# the scariest sound



## crazyredd45 (Oct 24, 2010)

this sound is really creepy
http://www.youtube.com/v/hdDnQYCI-P4

this is every k.k. song played at once


----------



## Lobo (Oct 24, 2010)

I just *censored.2.0* myself...


----------



## williamd (Oct 24, 2010)

wth thats very creepy and to think my fav song K.K.House is in the mix....T^T


----------



## ACKid9 (Oct 25, 2010)

Not as scary as when you scare an Oak Silk Moth... *shivers*


----------



## OJ. (Oct 25, 2010)

Eh, seen it.

Not that scary, really.


----------



## Jake (Oct 25, 2010)

I remember Halloween last year, it was the first time doing H'ween on AC. Anyhoo, the music they play is kinda odd, then there is that door knocking noise and it freaked me out because I thought it was at my door and I got freaked out because I was home alone and had just finished watching Psycho.


----------



## Mr. L (Oct 25, 2010)

Ironically it's not scary at all, more like annoying as hell.


----------



## muffun (Oct 25, 2010)

It sounds like a train running over a track made out of electric guitars and blenders


----------



## williamd (Oct 25, 2010)

@ackid9 the first time i scard an oak silk moth i swear to god i thought i was hacked and attacked by ac super bugs XD seriosly


----------



## Ehingen Guy (Oct 26, 2010)

I heard worse sounds than this.


----------



## Yokie (Oct 26, 2010)

ACKid9 said:
			
		

> Not as scary as when you scare an Oak Silk Moth... *shivers*


So true. xD


----------



## crazyredd45 (Oct 26, 2010)

i have never startled an oak silk moth yet caught 4


----------



## Ren Partycat (Nov 22, 2010)

http://www.youtube.com/v/xSEruNwIC-M&autoplay=1

This is scarier.


----------



## Garrett x50 cal (Nov 22, 2010)

What did you honestly expect?


----------



## Zilgun (Nov 22, 2010)

Sounds like someone's going crazy and the backround 'nom,argh' or whatever sound sounds like flies.


----------



## TheYoshiGamer (Nov 28, 2010)

...Creepy.


----------



## Deleted User (Nov 28, 2010)

I didn't expect it to be that loud. I jumped when I heard it. I guess in a way, it is 'scary'.


----------



## Chocolatemilk2000 (Nov 28, 2010)

thats pretty creepy.........and annoying


----------



## LadyRohan (Dec 15, 2010)

OWWWWW my flipping ears!   :gyroidconfused:


----------



## cupcakeluv45 (Dec 12, 2011)

I listened to about the first 5 seconds, then got kinda freaked out and turned it off.
 Im a wimp!


----------



## Static (Dec 14, 2011)

Not THAT creepy, i've heard far worse.


----------



## Tide of Wonders (Dec 14, 2011)

Static said:


> Not THAT creepy, i've heard far worse.



Agreed.


----------



## broadwaythecat (Aug 2, 2012)

this is the video


----------



## Chinchilla (Sep 20, 2012)

Freaky, but not that bad.


----------



## Juicebox (Sep 20, 2012)

It's creeped me out the first time, but now it's just annoying.

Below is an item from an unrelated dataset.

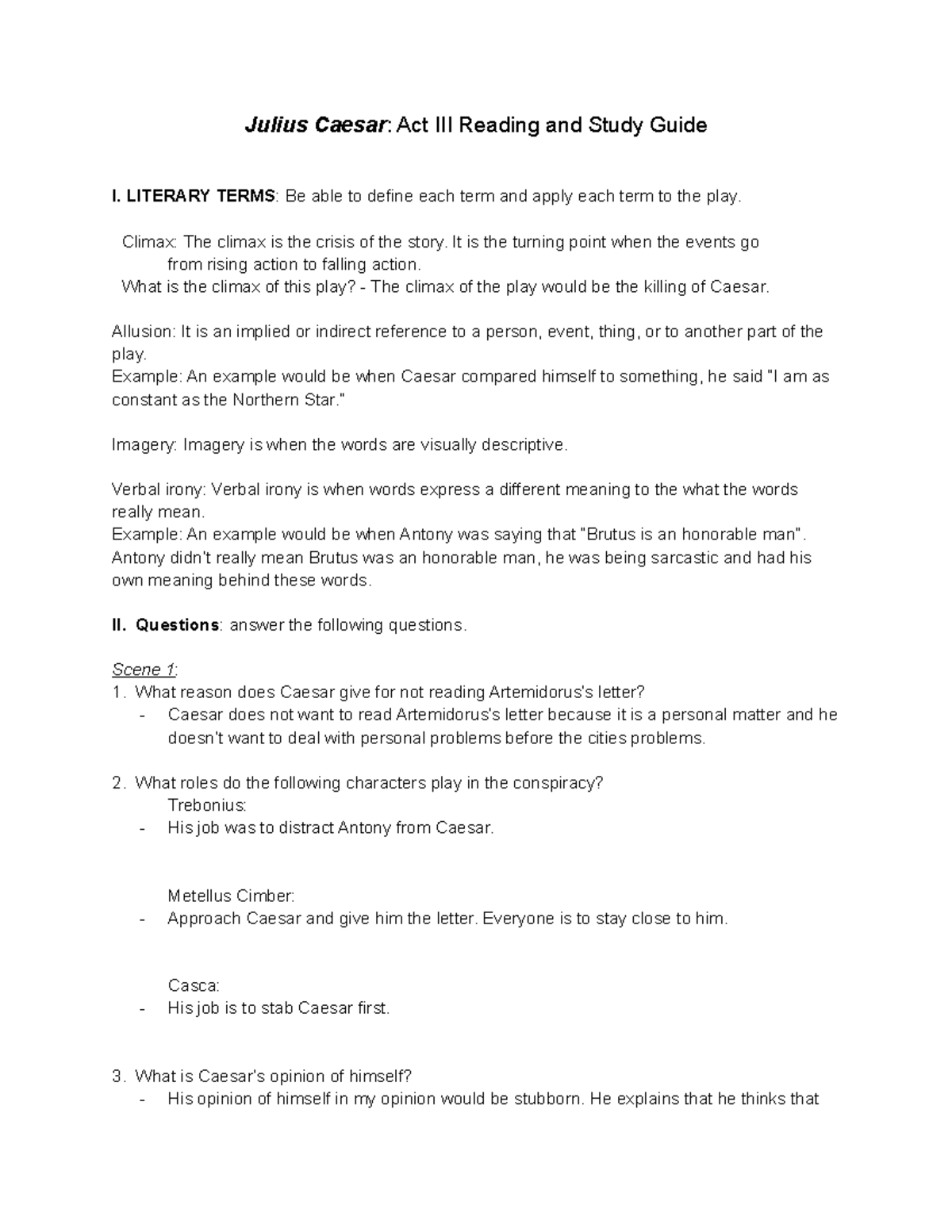 Julius Caesar Act III Reading and Study Guide LITERARY TERMS Be able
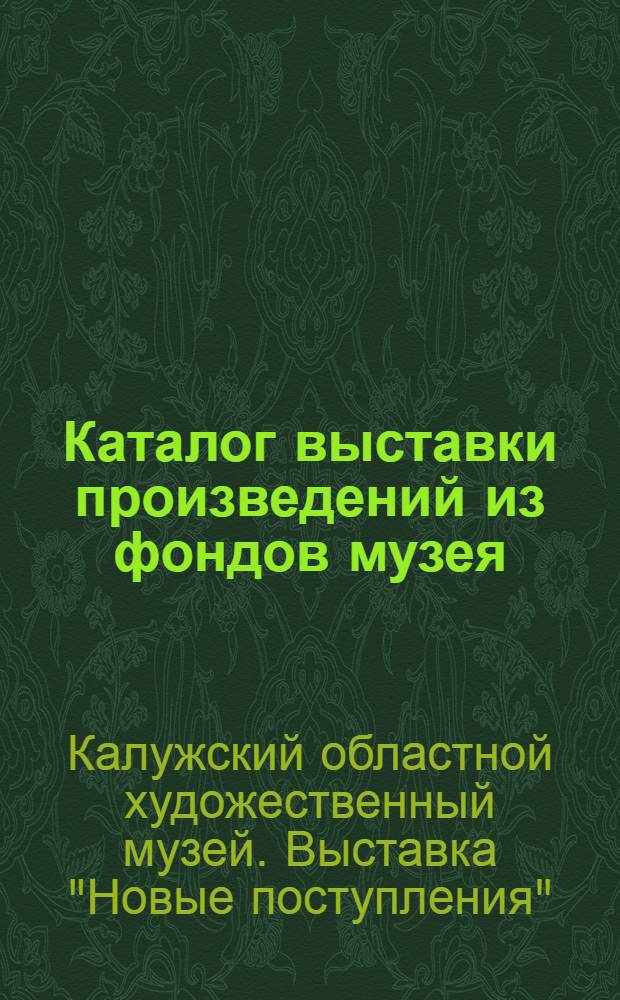 Каталог выставки произведений из фондов музея : Новые поступления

An even scarier sound is when the music cuts out. All you can hear is your footsteps and the crickets.


----------



## BelleApple (Oct 7, 2012)

I agree. It's pretty creepy + very annoying. I wonder where I found that courage to actually click on the link? *i'm a scaredy cat*


----------



## Anna (Oct 8, 2012)

Not as bad as hearing a tarantula or scorpion in the game and not knowing where it is.


----------



## mattmagician (Oct 8, 2012)

This thread made me wonder why we don't see more K.K. Song medley.


----------



## Toeto (Oct 11, 2012)

Lavender town music is much worse.


----------



## MattVariety (Oct 11, 2012)

Toeto said:


> Lavender town music is much worse.



I hate to say it, but as far as scary music goes, Lavender Town is at the absolute bottom of the barrel.


----------



## Pudge (Oct 11, 2012)

You know what's even scarier?

http://www.youtube.com/watch?v=kffacxfA7G4


----------



## Angryspider (Nov 23, 2012)

For me the scariest sound is when a old door is opened and when I hear that I feel a evil spirit is around there.


----------



## broadwaythecat (Nov 23, 2012)

For me the scariest sound is hearing the school bell ring!


----------



## Elijo (Nov 23, 2012)

Annoying as olives.


Ren Partycat said:


> http://www.youtube.com/v/xSEruNwIC-M&autoplay=1
> 
> This is scarier.


Hurts my ears... This scared me only because it was extremely loud.


----------



## Elijo (Nov 23, 2012)

Woops... Double posted.


----------



## Stevey Queen (Nov 27, 2012)

That was kinda annoying. I couldn't recognize any of the songs and it felt like it was repeating the same annoying noise.


----------



## fantasma (Nov 27, 2012)

Idk what the absolute scariest sound is for me, but this thing makes some pretty freaking creepy ones:  http://www.youtube.com/watch?v=9d1yDCWicf0


----------